Problem requirements: The output is the line containing "Fossil carbon fiber" plus every later line down to the end of the listing below, copied exactly. No pictures belong in it.

Dataset content:

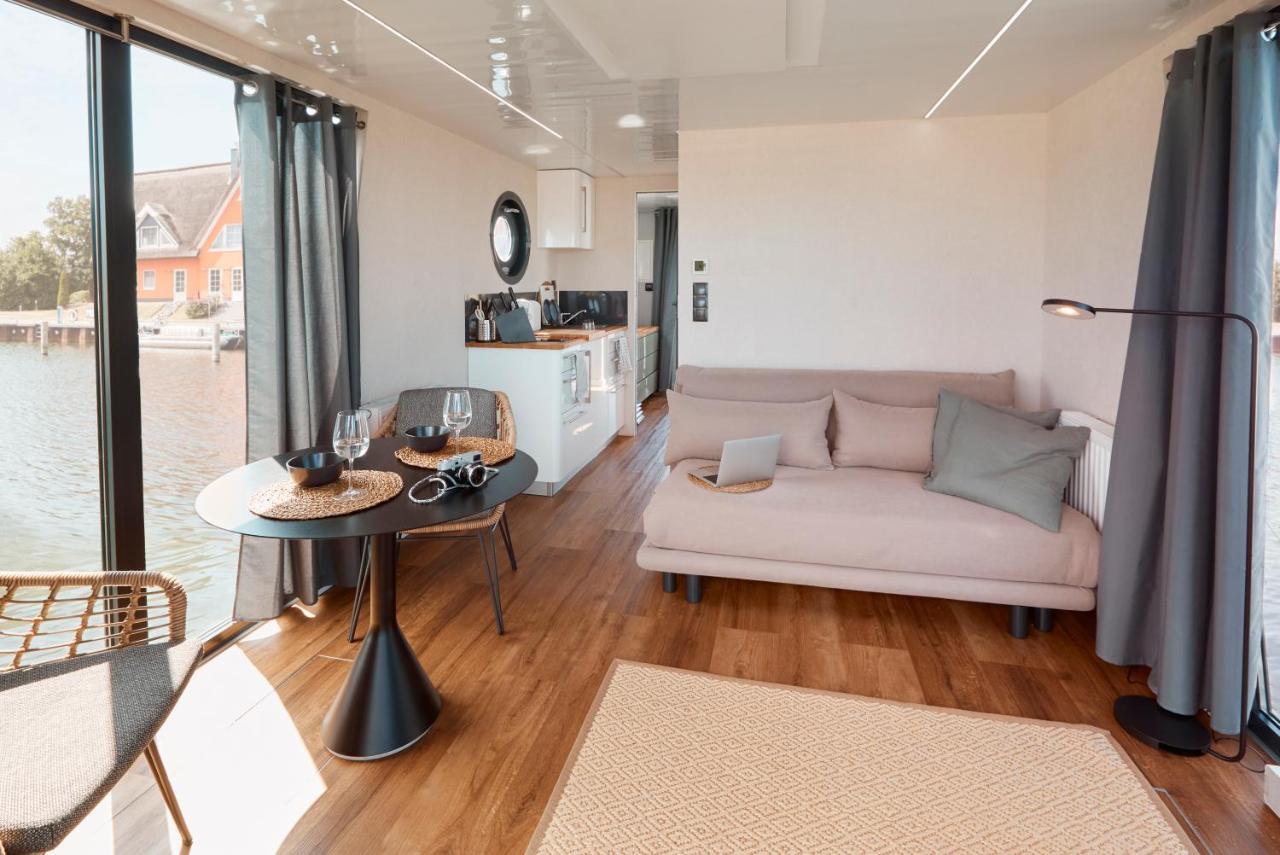 Hausboote Und Fewo Vieregge 外观 照片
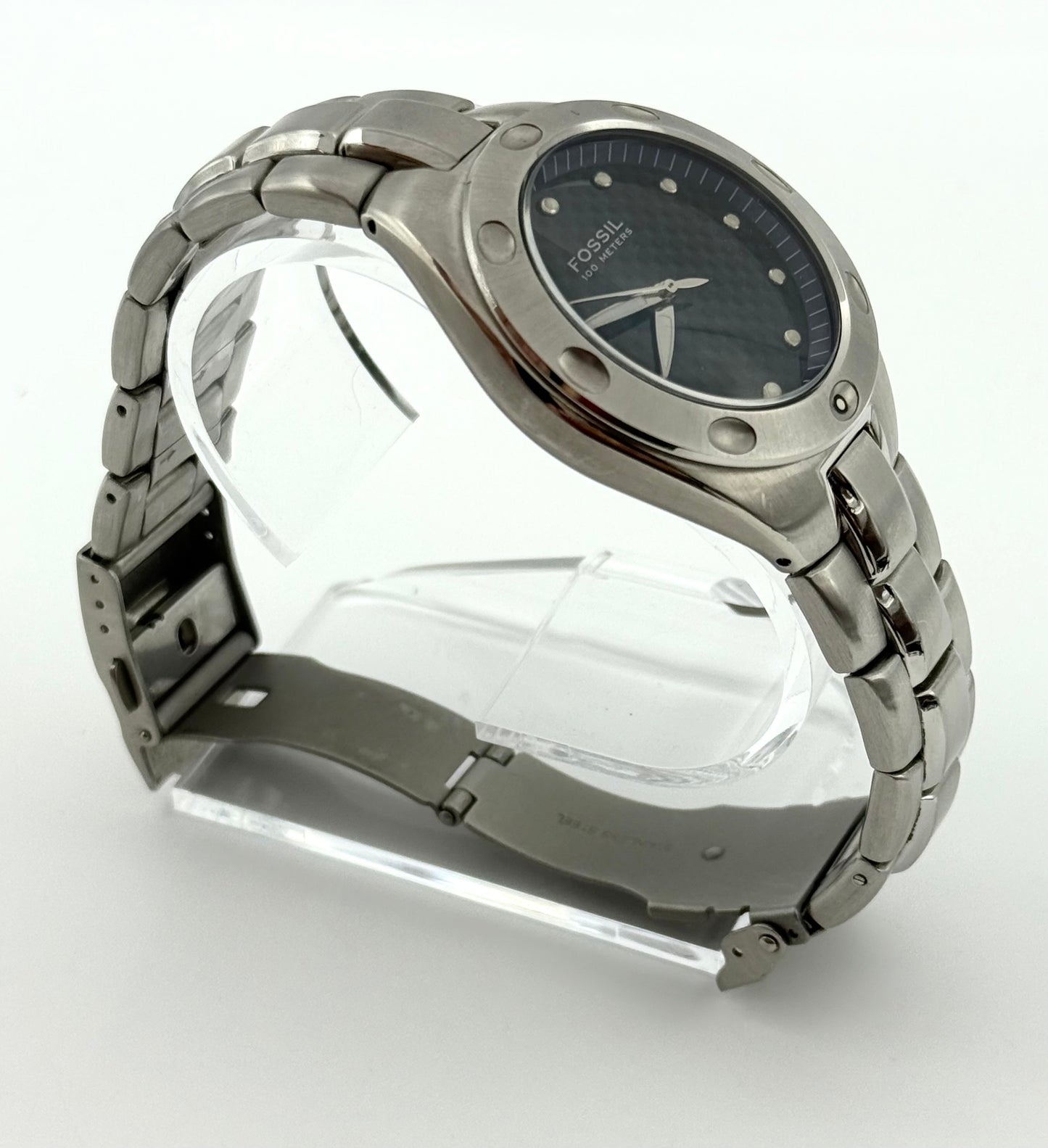 Fossil carbon fiber dial watch, 40mm size case, 6.5in size wrist bracelet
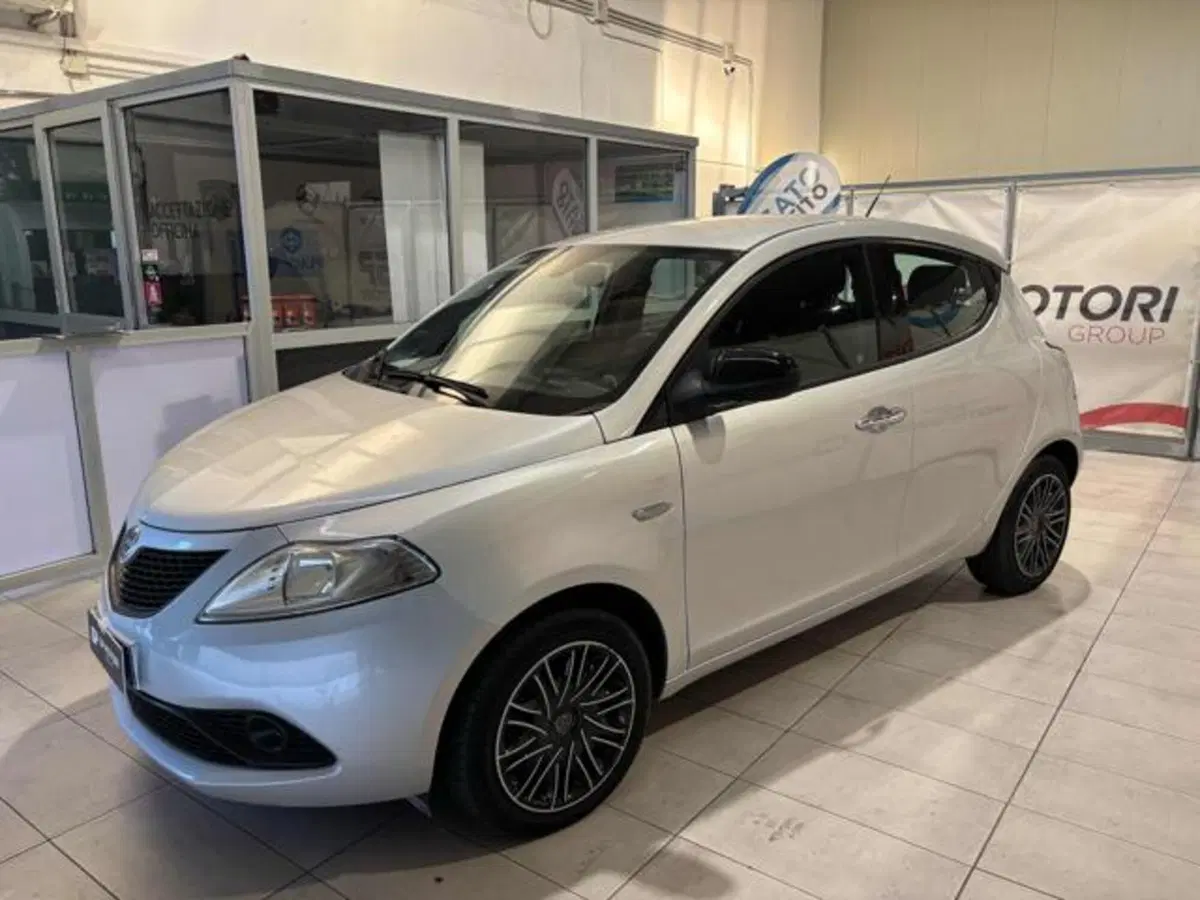 Lancia Ypsilon usata a Caserta (5)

Solution for this exercise:
 Fossil carbon fiber dial watch, 40mm size case, 6.5in size wrist bracelet
 Lancia Ypsilon usata a Caserta (5)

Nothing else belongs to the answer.